» **Goal of the exercise**
Start at the line in the entries below that contains "ワーナーマイカルシネマズ多摩センター　チケット売り場多目的トイレ", stop at the line that contains "FRENCH WRITING TABLE - ADDITIONAL PHOTO 2", and output exactly the lines in that span, both ends included.

» **Dataset records**
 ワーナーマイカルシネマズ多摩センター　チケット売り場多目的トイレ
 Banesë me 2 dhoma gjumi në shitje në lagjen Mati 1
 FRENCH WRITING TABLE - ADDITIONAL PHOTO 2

--

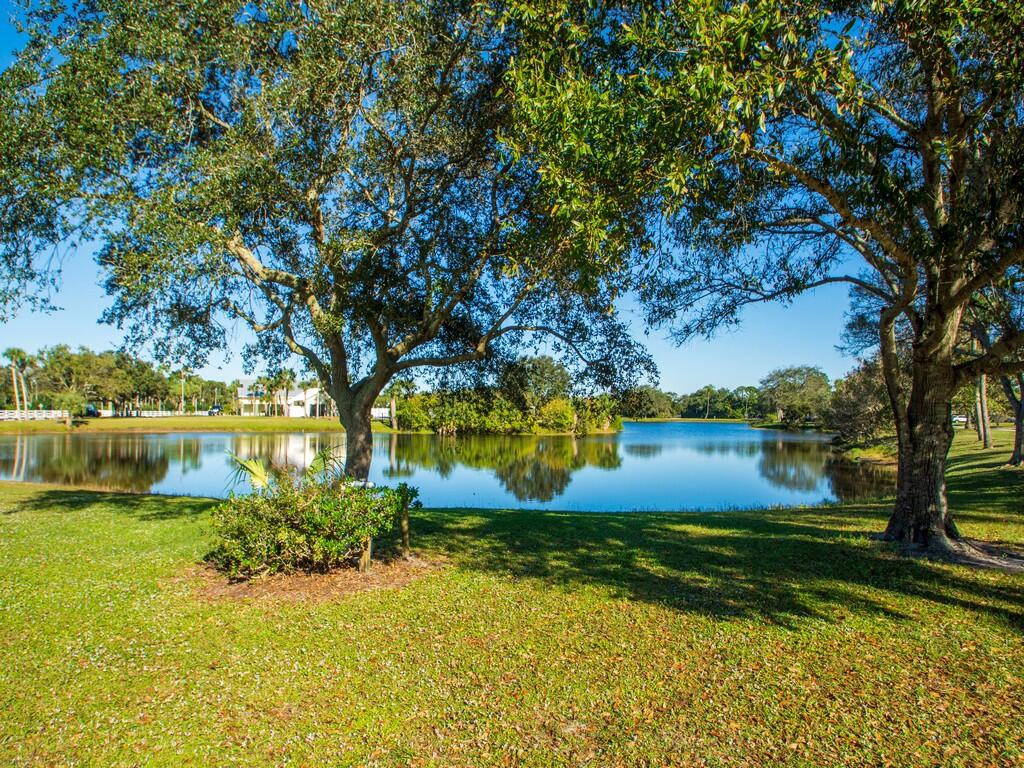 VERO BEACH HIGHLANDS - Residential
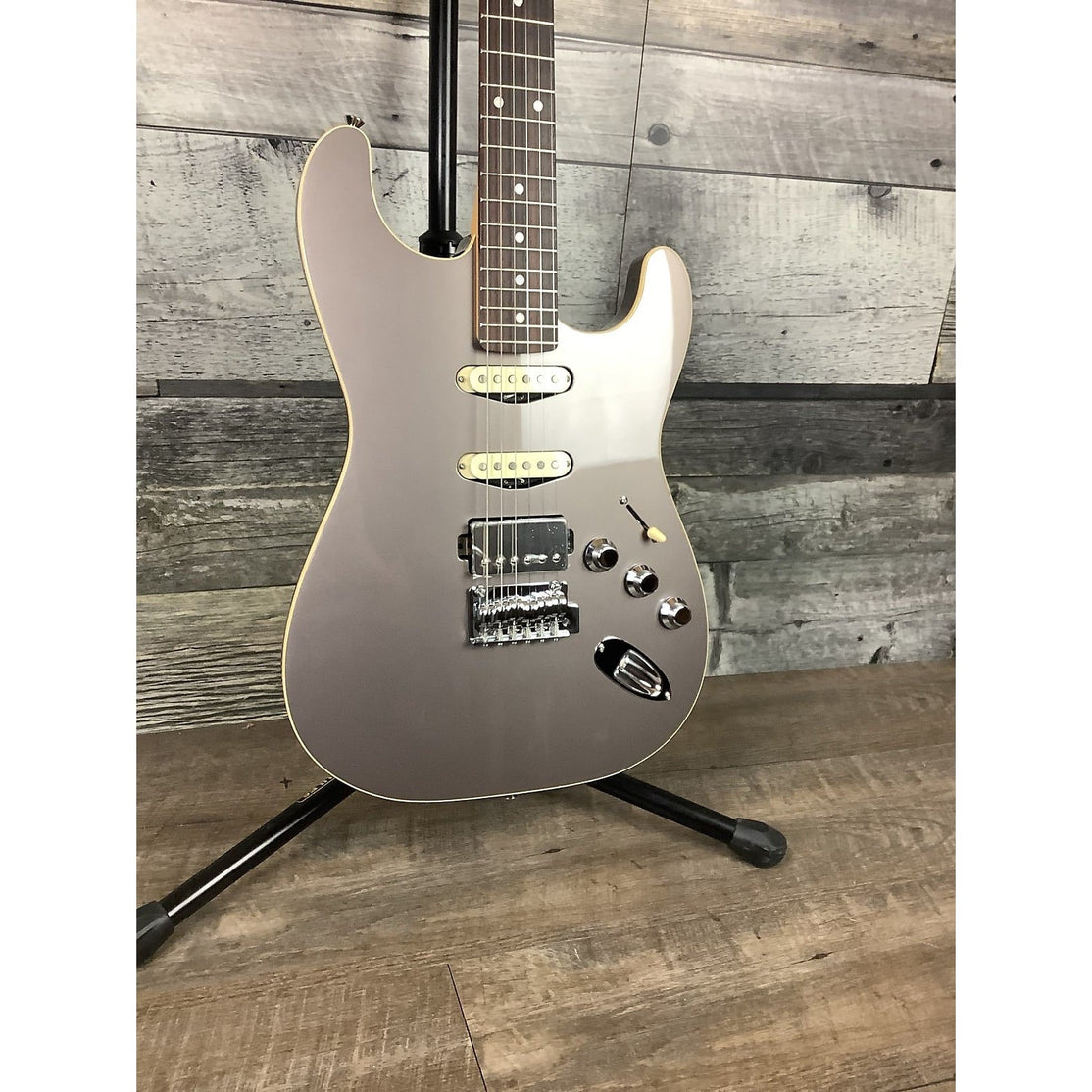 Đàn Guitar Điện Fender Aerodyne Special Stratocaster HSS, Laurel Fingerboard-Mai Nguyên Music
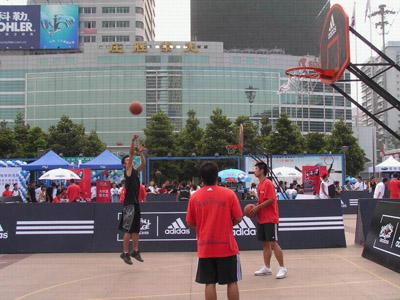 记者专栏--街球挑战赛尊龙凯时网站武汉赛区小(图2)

» **Solution to this exercise**
 ワーナーマイカルシネマズ多摩センター　チケット売り場多目的トイレ
 Banesë me 2 dhoma gjumi në shitje në lagjen Mati 1
 FRENCH WRITING TABLE - ADDITIONAL PHOTO 2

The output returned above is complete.